I’ve been a little reluctant to write anything about the Green Bay Packers simply because I kind of don’t know what is happening to them. Last Thursday I was talking with my friend Ottford while they were playing the Chicago Bears and we collectively may have gone through a rollercoaster of emotions that only those who are in psychotic relationships go through. One minute we were basically giving up all hope and conceded that nothing good is going to happen to this team. The next moment their defense was playing better and we talked us into the idea that they have figured out how to play and everything is okay.
We’re sports fans, this is how it’s supposed to be, right?

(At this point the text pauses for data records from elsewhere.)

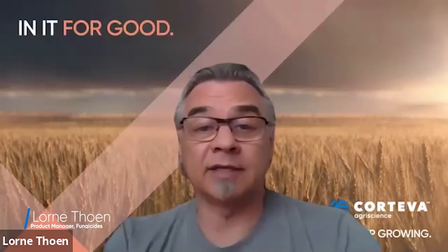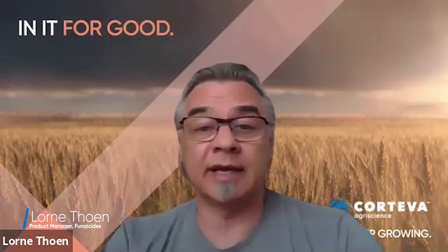Hi, I'm Lauren Thone with Corteva AgriScience. I'm the product manager for our fungicide business and would like to talk to you about a product that we introduced in Eastern Canada this year called Seraphit.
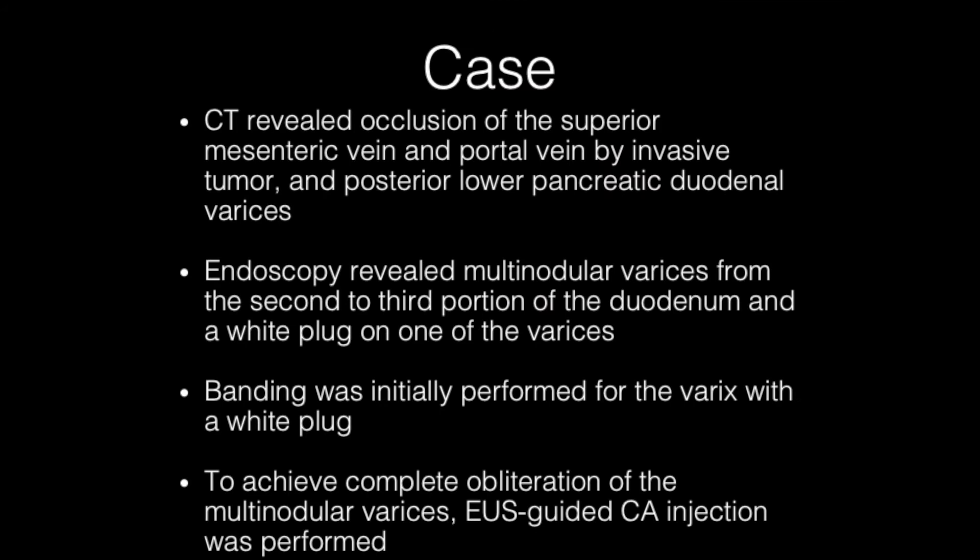Endoscopy was performed and multi-nodular varices from the second to the third portion of the duodenum were revealed. One of the varices happened to have a white plug. Banding was initially performed for the varix with the white plug. We decided the treatment was inadequate, so we decided to perform EUS-guided cyanoacrylate injection in order to achieve complete obliteration.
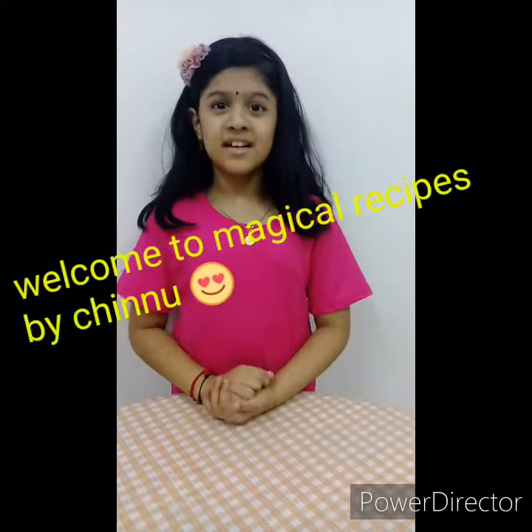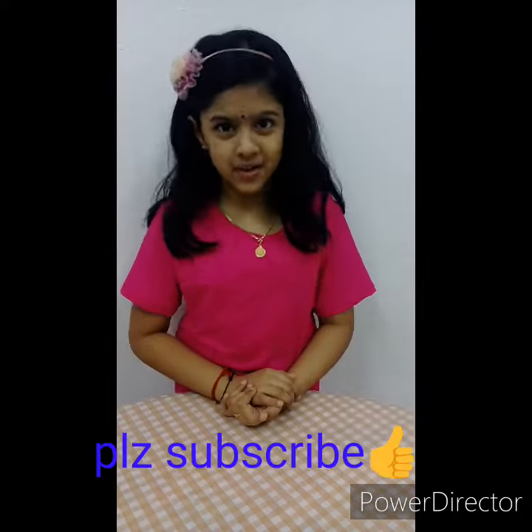Hello friends, welcome to Magical Recipe. Mother's Day — I don't need a sweet dish at all. I am going to make my gulab jamun. Happy Mother's Day!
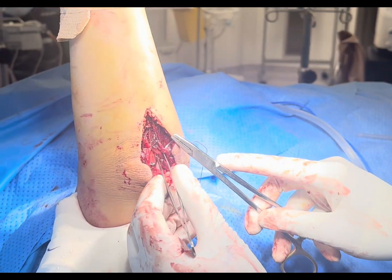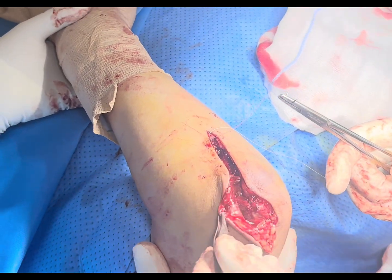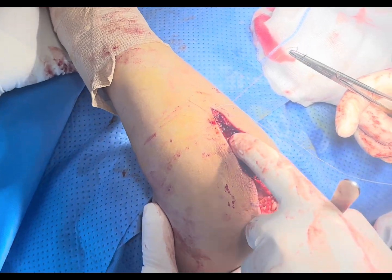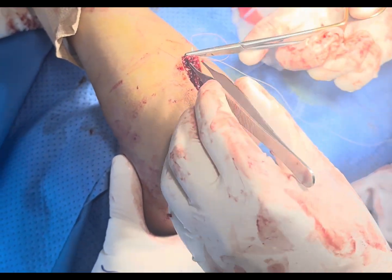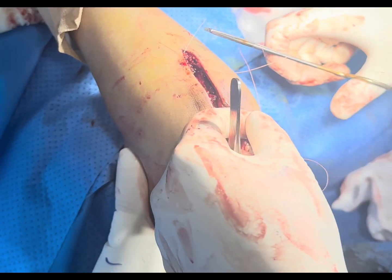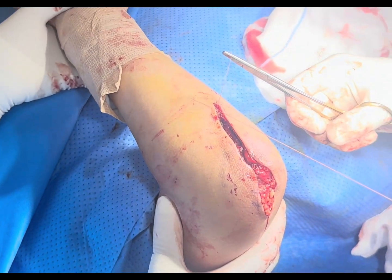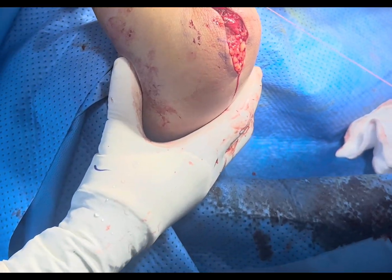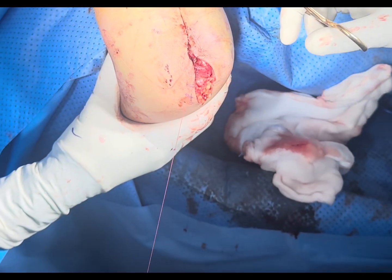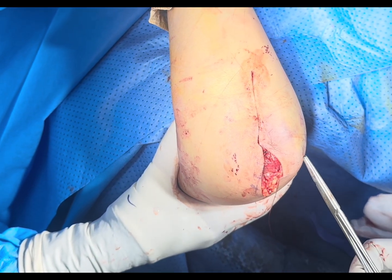Let me put a couple of stitches and then we will see you back. We have closed the muscles — you can see there are no wires visible, it is fully covered by the muscles, so there will be no pressure on the skin. Now I am going to put the self-absorbable stitches, so in the future the patient will not need to have stitches removed. We are putting cosmetic stitches here. After the remaining stitches we will do the dressing, and we start mobilizing the patient immediately.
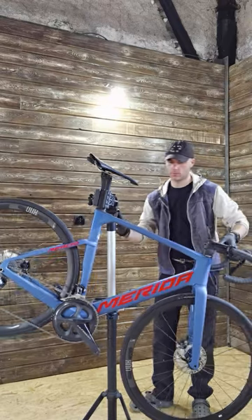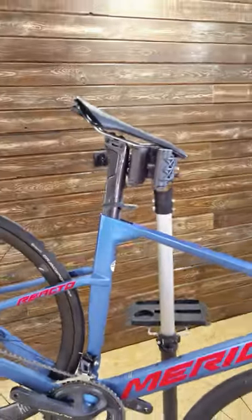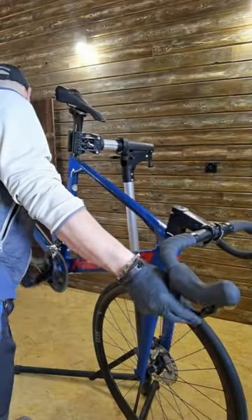And guess what? Your seat post clamp does the very same thing to the seat post — it puts pressure on it. Now I can work on some basic things on my bike.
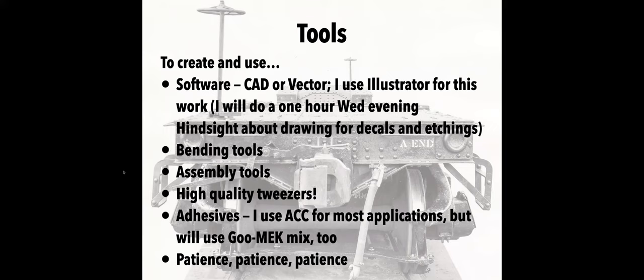A little bit about tools. You obviously need a tool to create the artwork, and I use Illustrator. I'm comfortable with it; PPD is very comfortable receiving artwork in Illustrator; I do it directly in millimeters. If you're familiar with a CAD tool or a different vector graphics tool, by all means use that. I'll do a one-hour Wednesday evening session about drawing for decals and etchings — I've done it before but it keeps popping up, so I'm happy to do that again.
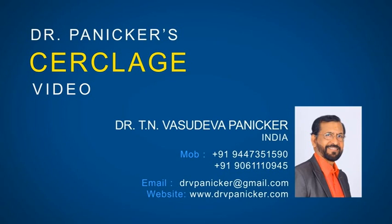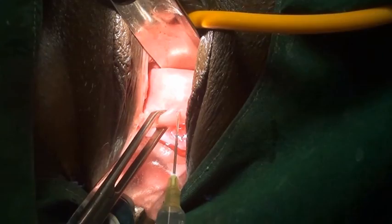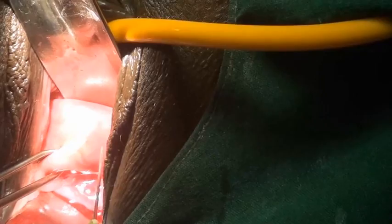Here I am using the PUL forceps invented by me for doing cerclage as a thread carrier and aneurysm needle, instead of the needle and needle holder. 2 ml of adrenal cell is infiltrated and then the anterior vaginal wall is incised with the Panigez unbreakable safety knife, and then it is lifted up with the Alice forceps and dissected up using scissors.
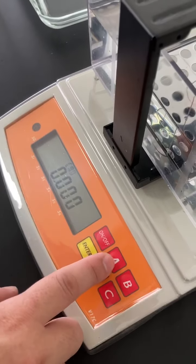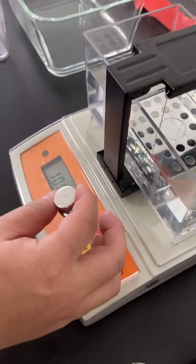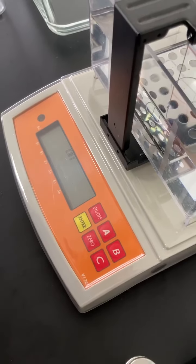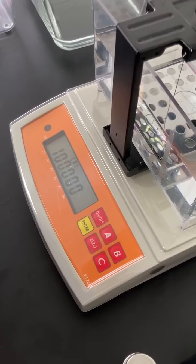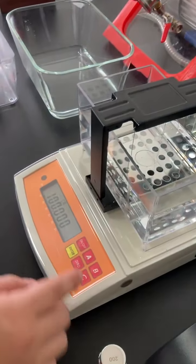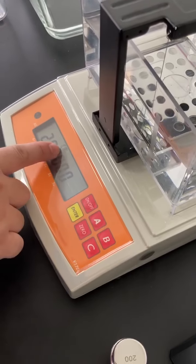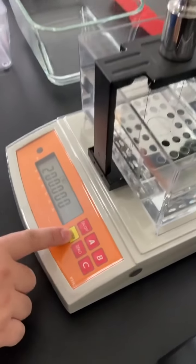Press button A to CA1, put the 100g weight here and press enter. Then press button A to CA2, put the 200g weight here and press enter.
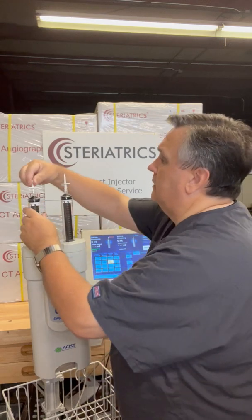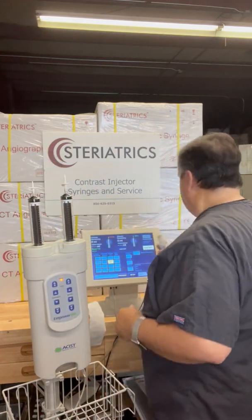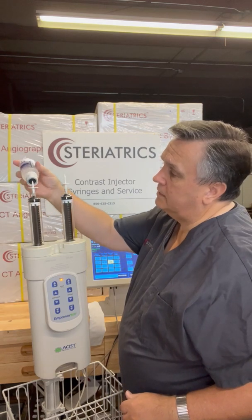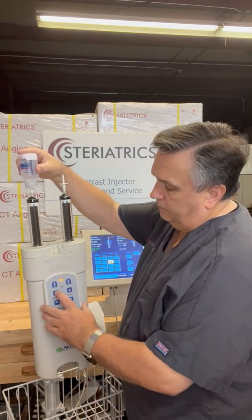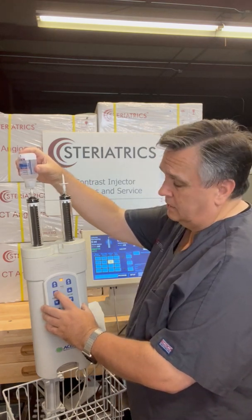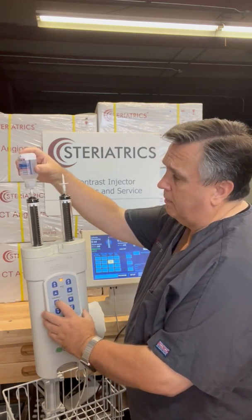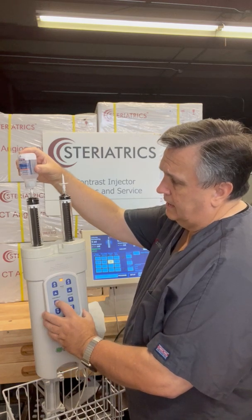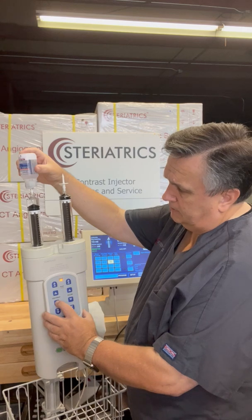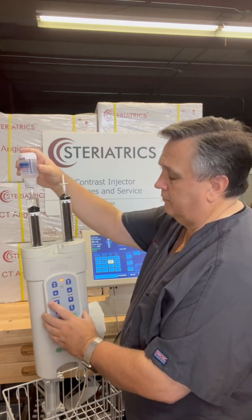Now we're going to fill. I'm going to start out with contrast. We're going to hold it on the angle so we see that bullseye, press down, and then we want to fill. We're only shooting 20 — we normally only shoot 15 to 20 of this — so we're going to take the slow button, press and hold, because as soon as I release it's going to stop. I can see there's 20 in there and shut it off.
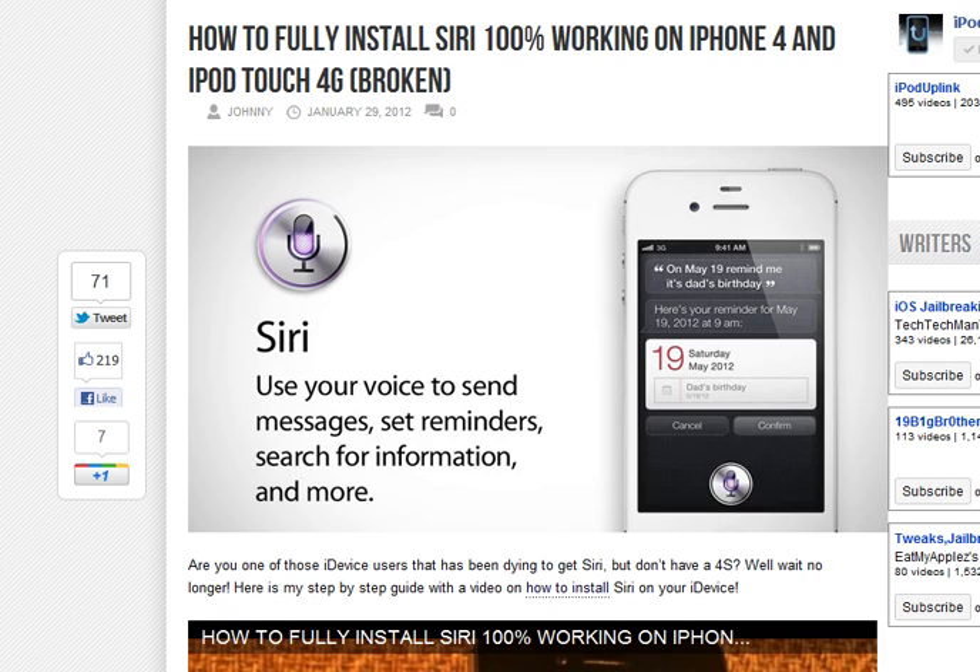There's been quite a lot of videos out there and they mostly involve using Spire and some sort of proxy server. However, there has been a new release of a program called Siriport and it works surprisingly well with very few problems.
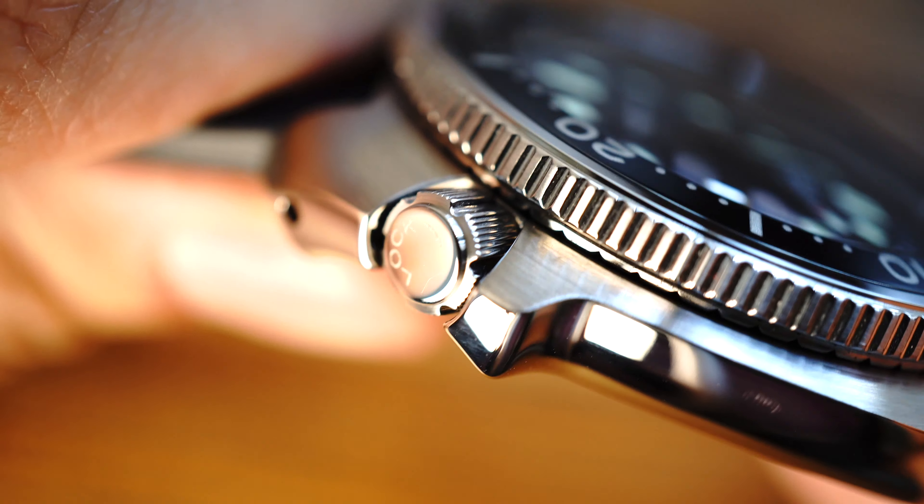Last but not least, is there anything ugly about the watch? Yes — that is such a point of contention. When I was first looking at this watch I showed it to my wife because I have to get approval on everything, and she looked at it and said 'wow, that case is ugly.' When she said that she was referring to the cushion case and how much material on the top of the watch is surrounding the bezel — there's a lot of metal around that bezel.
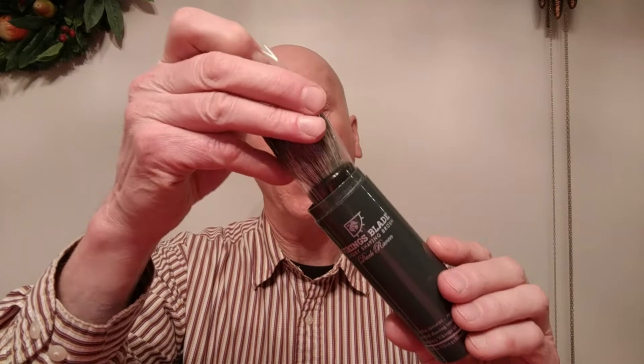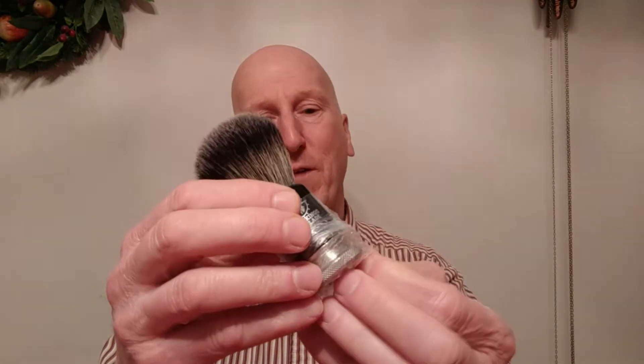All you do is pull the cap off and the brush comes out in a plastic sleeve — just pull that sleeve down. This is the Dark Raven. Isn't that gorgeous? It has a heavyweight alloy base, black obsidian handle, and this beautiful soft knot of hair. It's absolutely beautifully soft. I've had a chance to make a little lather and rinse it and take it through its paces.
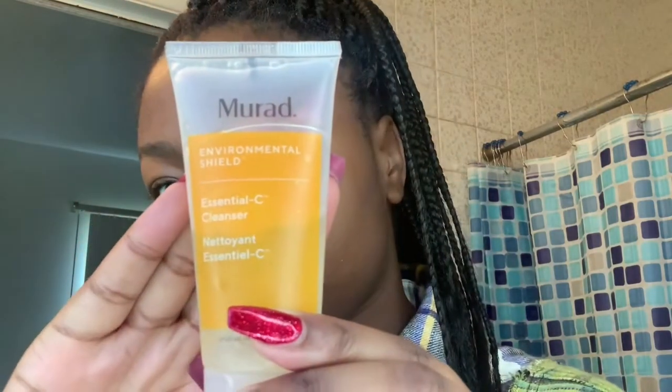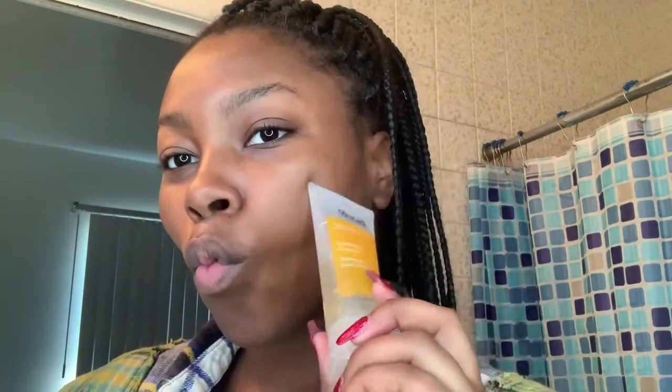The next step is I'm going to be using Maraud's Environmental Shield Essential Sea Cleanser on my face. I use this to wash my face and get all the dirt or any eye crumbs out. I use about two pumps of that and then I just really rub and work that into my face. I really want to make sure I work it in because I want to get all the dirt off from the night before, especially considering I was wearing makeup the night before.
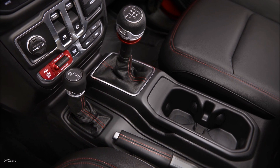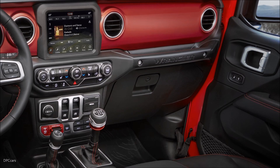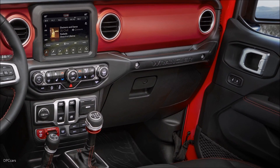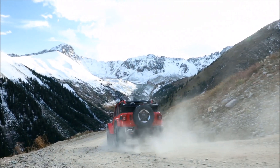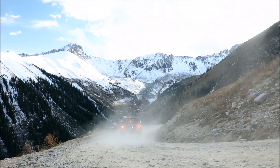Optional with the new Wrangler is a full-time T-Case selection. In that selection, we start out with just two-wheel drive, two high, just like normal.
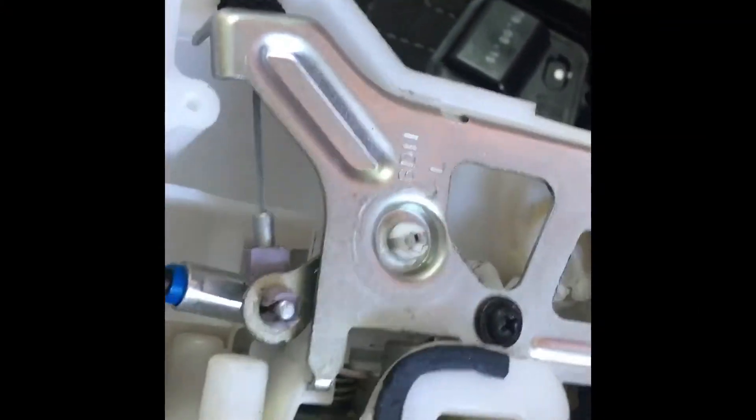Before you put on the metal bracket, make sure that this lever is pushed down as you put it on. That way, this little earpiece gets locked underneath and the system will work normally. Make sure to test it before putting the panel back on.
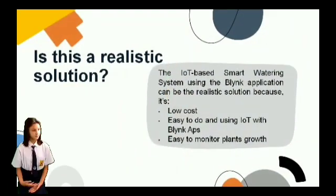Is this a realistic solution? The IoT-based smart garden using the Blynk application can be a realistic solution because it is low cost, easy to operate using IoT with the Blynk app, and easy to monitor plants' growth.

Moving forward I’ve made a list to keep me sane while this football season is active, these are things that I need to remind myself because without this list to knock sense into me I may look back at this time in my life as an embarrassment. An embarrassment because I cared so much about things out of my control…
Reminder 1: The Packers had a historically horrible defense last year, why would they have pulled a total 180 this year?
Reminder 2: Their offense will pull their shit together.
Reminder 3: Even though Donald Drive has never dropped a pass in his entire life and is the most reliable player on the Packers, Aaron Rodgers obviously knows something I don’t know because he’s not passing to him every play.
Reminder 4: They’re going to get a running game. No they won’t. Yes they will. No they won’t!
Reminder 5: They won the Super Bowl when they were 9-7 and season long team momentum has never seemed so important. It’s okay if the Packers lose games.
Reminder 6: The Packers have the best quarterback in the NFL.
Reminder 7: Jermichael Finley will always piss me off; I shouldn’t be surprised about his rock hands.
Reminder 8: Once again: I’m not playing on the team so for me to think that I have a single bit of control makes me reverse insane. Just accept whatever is happening (This is a crutch… but seriously I need to actually believe this).
With these year long reminders I think I can successfully remain okay with what’s happening, win or lose – or at least pretend to be okay with things.